Last year, the grape harvest for the Napa Valley totaled nearly $730 million, a very big number indeed. In that same year, Napa Valley tourist income soared to nearly $2 billion, more than two and a half times the total grape harvest.
Yet, there is a voice in our town that says we are not, and do not want to be, a tourist town. We can no more say that, than we could say “We’re not a farming community.” It’s absurd. About three million people visit Napa Valley each year.
Many of these same voices say, “We want to keep our town the way it is.” That’s not a very good idea, because our ability to stay what we are is not possible without growth. In fact, “who we are” is beginning to erode right in front of our eyes. As some groups fight to preserve the character of our town by saying 'no' to everything and treating people who want to invest in our town like unwanted guests, the very fabric of our community is disappearing, slowly but tangibly.
One of the largest challenges we have is that our neighbors in Calistoga, Yountville and Napa have had investors pump hundreds of millions of dollars into their towns to make them better for business and consequently their citizens. We, on the other hand, can’t even have a proper sidewalk on Main Street where people don’t trip and fall on a regular basis.
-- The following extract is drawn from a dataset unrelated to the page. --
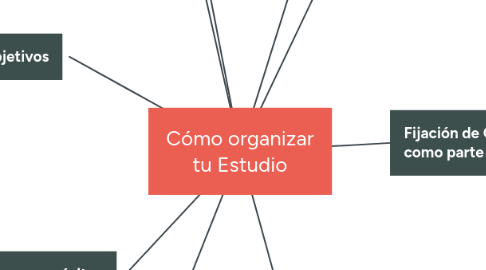 Mind Map: Cómo organizar tu Estudio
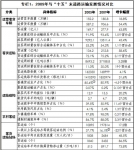 道路運(yùn)輸業(yè)“十二五”發(fā)展規(guī)劃綱要（征求意見稿）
As the families that make up our community continue to cash out of their homes and move elsewhere, or simply can’t afford $3,000 rent, the very fabric of our town is eroding. As the people continue to trickle out and second home buyers continue to come in, there are simply fewer people living here on a daily basis to support our stores, churches, community groups and schools. Without families and full-time residents to shop here, there will be no need for schools; without families here there will be no need for Sunshine, Safeway, Smith’s or Vasconi’s.
While the attractiveness of St. Helena continues to fuel rising home prices, that in and of itself does not mean we are a successful community. It simply means we have an awesome place to live over which we are given stewardship to protect and responsibly manage. Who could not stop by this town and think that this is one of the greatest places on the planet to call home? However, what will it look like when all the stores are gone and the schools closed and the churches quiet? It will look great every third weekend when the second-home-buyers show up, but what they are coming to enjoy will be a skeleton of what they first found to be the feel of the town.
We need to embrace the opportunities we have, and support our existing businesses and community by building multi-family housing, approving another hotel (Ted Hall’s looks good) and welcoming new businesses into town. Right now, if you want to open a dress shop, you must first pay a non-refundable $5,500 for an application to have a public hearing and wait two months for possible approval (or appeal).
Let’s update our antiquated zoning that currently includes permitted uses of tobacconist, video rental store, newsstand and other obsolete retail uses. We could easily add uses that are more in keeping with the times that would add vibrancy and diversity to our town. Let’s roll up our sleeves, put on our thinking caps, extend an olive branch and start working together to take ideas and businesses interested in our town and figure out how to make them work instead of just dismissing them part and parcel.
And if we don’t open our eyes and engage the tourists, welcome the businesses and add a hotel or two, soon the store fronts on Main Street will be as quiet as some of the streets of our neighborhoods.
Change is inevitable. Let’s help shape our town the best way possible.